With her death, the power of attorney ended, and the authority passed on to the executor of her estate. The members of the family were allocated certain items and assets, of course, and were also given the right to choose any un-allocated assets before they were sold at auction. One of the items that had been un-accounted for in the will was the woman’s upright piano.
Now, my friend is a great lover of music. He is a musician and a knowledgeable authority on many music-related things. He’s worked at several music stores, taught guitar, played with a number of bands; basically, he’s the quintessential “music guy.” And for years and years and years, he’s wanted a piano. When his father told him there was an unclaimed piano among the estate, my friend’s response was, “I don’t care about the rest of the furniture, Dad. If you get nothing else, get the piano.”
There were still some legal quandaries being dealt with, regarding the caretaker and her steady acquisition of power over the great aunt’s life, but my friend’s dad flew down to Georgia, gathered up the items he had been bequeathed - as well as the piano – and loaded everything into a moving truck, which he drove back to Richmond.
My friend went over to help unload the truck, and the last thing they unloaded was the piano. I’ve never moved a piano, myself, and neither had he, before that day; but I know, as I’m sure you know, pianos are heavy. This one was an upright, so smaller than a grand or baby grand, and on rollers, but still, it posed some difficulties. There was a ramp on the back of the moving truck, but gravity became an issue, and the moving of the piano was, to put it lightly, an undertaking.
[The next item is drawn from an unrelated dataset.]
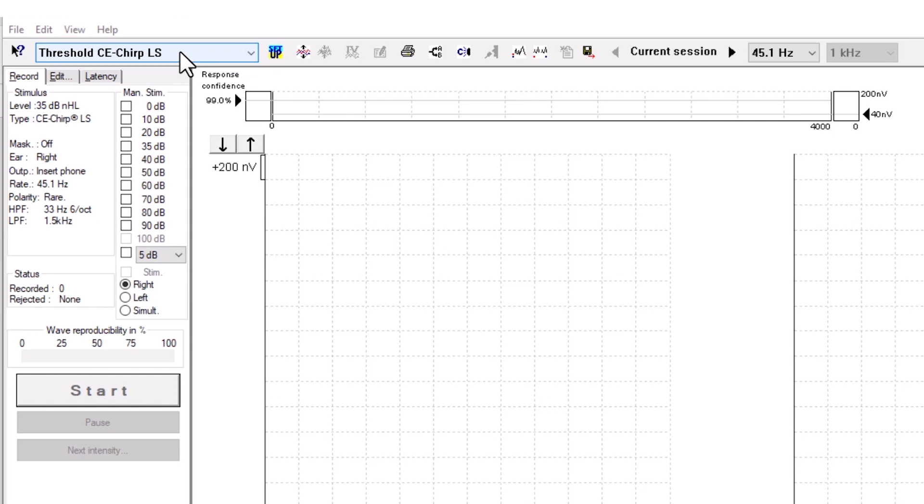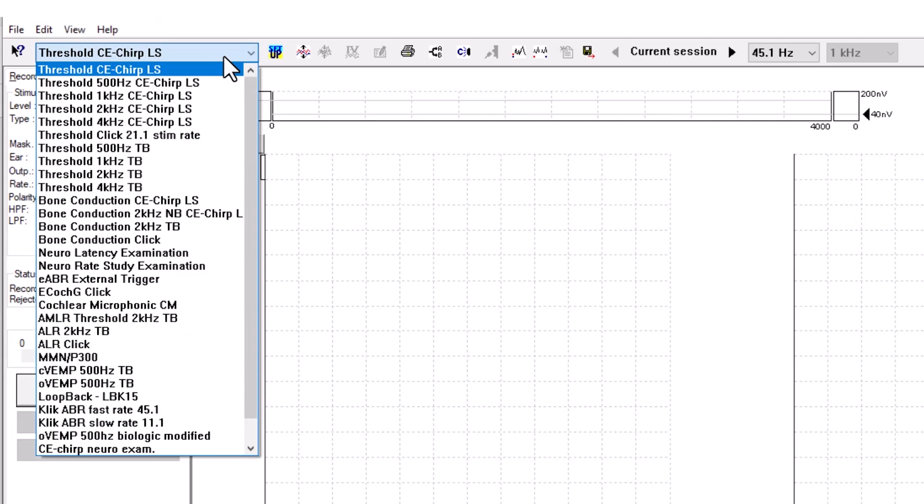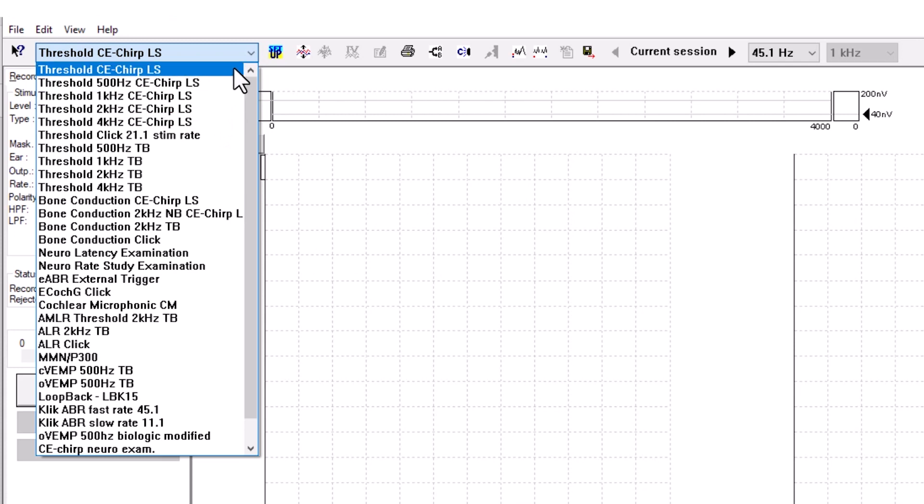This is the protocol drop-down menu. Here you can change to the different protocols installed in the Eclipse software. Please note that if you have already made a measurement, you have to close the software and open it back up again to change the protocol.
“The piano…” said my friend’s dad, shaking his head.
“The piano,” my friend replied.
“The one thing you wanted. The heaviest thing in the house,” said his dad.
“The piano,” my friend repeated.
“Do you want to see what the mover and I discovered when we loaded this into the truck?” His dad squatted down in front of the piano, and exhibited some screws holding the front panel in place. He removed the screws, pulled the front panel away, and stood back.
Revealed behind the thin wooden barrier were stacks and stacks of fire-proof security boxes. All of the assets and jewelry from his great aunt’s house, everything that had gone missing, were there, stashed inside the piano. While the caretaker had been gathering her power around her, taking more and more control of the aunt’s life, she had, at the same time, been protecting herself and her estate, quietly gathering the valuables and hiding them… inside the piano.
The piano. The one thing my friend insisted his dad bring home. The one thing, which otherwise would have been sold at auction for probably $200, complete with many thousands of dollars (somewhere in the upwards neighborhood of $80,000) of jewelry, cash and other items hidden inside.